# What is available for Homeschool curriculum?



## Farm 36 (Mar 21, 2009)

Hello: we have been Virtual Schooling for 5 years. My son has a great short term memory but we have to work hard to get things to stay in the long term memory. This causes us to use alot of time. At first the virtual school was great. But now I have to say it is to much trouble. We have been yelled at bullied and bad reports have been written by about my son by the school. We are now required to school Mon-Fri, 8-5, must do 5 hours a day. If I mark attendence for a subject but have not gone through that days work, I'm bad, if I mark only the subjects I have gone through, I am bad due to the time. I have had enough, These schools tell you they are not brick and morter, they lie straight to you during their open house and or meetings. I have to agree with what has been said. This is the government in your house!
I wish to home school and need advice.
I know where and how to file the paperwork. I live in Wisconsin. 
Where and how do I get and pay for a 5th grade ciriculum?
Where does the tax/government money go when my son does not attend public school?
Is there a grant to help pay for books and accessories?
Thank you!


----------



## Laura Zone 5 (Jan 13, 2010)

Farm 36 said:


> Hello: we have been Virtual Schooling for 5 years. My son has a great short term memory but we have to work hard to get things to stay in the long term memory. This causes us to use alot of time. At first the virtual school was great. But now I have to say it is to much trouble. We have been yelled at bullied and bad reports have been written by about my son by the school. We are now required to school Mon-Fri, 8-5, must do 5 hours a day. If I mark attendence for a subject but have not gone through that days work, I'm bad, if I mark only the subjects I have gone through, I am bad due to the time. I have had enough, These schools tell you they are not brick and morter, they lie straight to you during their open house and or meetings. I have to agree with what has been said. This is the government in your house!
> I wish to home school and need advice.
> I know where and how to file the paperwork. I live in Wisconsin.
> Where and how do I get and pay for a 5th grade ciriculum?
> ...



www.hslda.com
Click on your state, it will answer your every question.

Abeka, Christian Liberty Academy (CLASS), Apologia, Bob Jones University, and many others. You can google for their websites. Also on Home School Legal Defense's website, they will tell you what home school groups are close to you, and when your state's annual convention is. I highly recommend that. Lots of workshops, lots of folks willing to help and LOTS of books and accessories.

Your tax money goes to the school like it or not. You get no tax breaks, refunds or incentives to home educate.
What you do get is control over how and what your child is taught, and the relationship you build, is priceless!!


----------



## ovsfarm (Jan 14, 2003)

Get a copy of the Rainbow Resources catalog.

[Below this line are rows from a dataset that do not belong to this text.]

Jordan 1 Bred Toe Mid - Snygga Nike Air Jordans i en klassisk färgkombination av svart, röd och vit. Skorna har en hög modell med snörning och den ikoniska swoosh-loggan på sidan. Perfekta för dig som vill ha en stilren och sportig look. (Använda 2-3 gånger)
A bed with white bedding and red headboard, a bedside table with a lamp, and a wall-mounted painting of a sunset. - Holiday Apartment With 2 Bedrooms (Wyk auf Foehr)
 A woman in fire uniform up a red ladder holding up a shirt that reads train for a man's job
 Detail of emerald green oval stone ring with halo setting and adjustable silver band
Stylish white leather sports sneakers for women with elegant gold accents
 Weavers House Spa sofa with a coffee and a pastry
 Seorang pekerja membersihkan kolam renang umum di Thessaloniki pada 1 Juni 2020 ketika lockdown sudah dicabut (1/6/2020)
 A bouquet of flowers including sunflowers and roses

It is about 2 inches thick and contains descriptions of hundreds of different curriculum offerings. You can order it online from www.rainbowresource.com.

You would have to check with your state government to see where the tax money you pay toward education goes if you homeschool. In my state, the government only forwards the money to the schools for the actual numbers of students who are present on two "counting days" per year. I have no idea of where my tax money goes. That is between the local district and the state DOE. I do know that I do not get any tax break even if we do not have a student in their system and that we have to pay for our own curriculum above and beyond our taxes - which is not a tax deductible expense.

To the best of my knowledge, there are no grants to pay for homeschool materials. We all pay for it ourselves, and therefore have full control over what we buy and how we use it. There is a great market for used homeschool materials. Check this forum for other threads about used curriculum sources.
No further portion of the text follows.